Disentangling Hate Across Target Identities
Yiping Jin, Leo Wanner, Aneesh Moideen Koya

TL;DR
This paper analyzes biases in hate speech detection models, revealing they often misjudge hatefulness based on target identities and emotional polarity, which can harm vulnerable groups.
Contribution
It provides a quantitative analysis of biases in HS classifiers and explores the influence of stereotypes and emotional polarity on hatefulness prediction.
Findings
Models assign higher hate scores to specific identities.
Hatefulness prediction correlates with stereotype intensity.
Models often confuse hatefulness with emotional polarity.
Abstract
Hate speech (HS) classifiers do not perform equally well in detecting hateful expressions towards different target identities.
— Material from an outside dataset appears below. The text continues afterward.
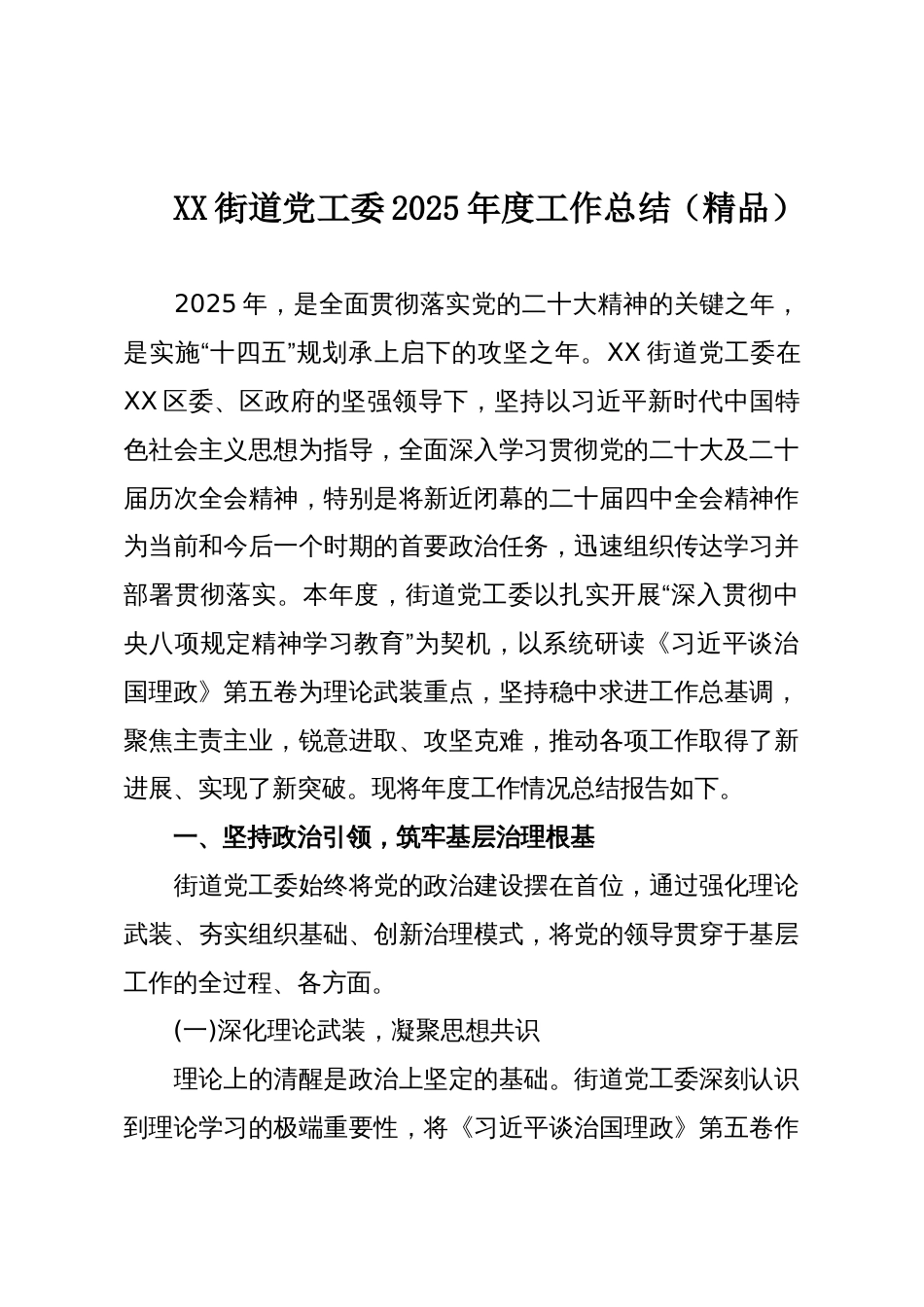 XX街道党工委2025年度工作总结(精品)_第1页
They also demonstrate systematic biases in predicted hatefulness scores. Tapping on two recently proposed functionality test datasets for HS detection, we quantitatively analyze the impact of different factors on HS prediction. Experiments on popular industrial and academic models demonstrate that HS detectors assign a higher hatefulness score merely based on the mention of specific target identities. Besides, models often confuse hatefulness and the polarity of emotions. This result is worrisome as the effort to build HS detectors might harm the vulnerable identity groups we wish to protect: posts expressing anger or disapproval of hate expressions might be flagged as hateful themselves. We also carry out a study inspired by social psychology theory, which…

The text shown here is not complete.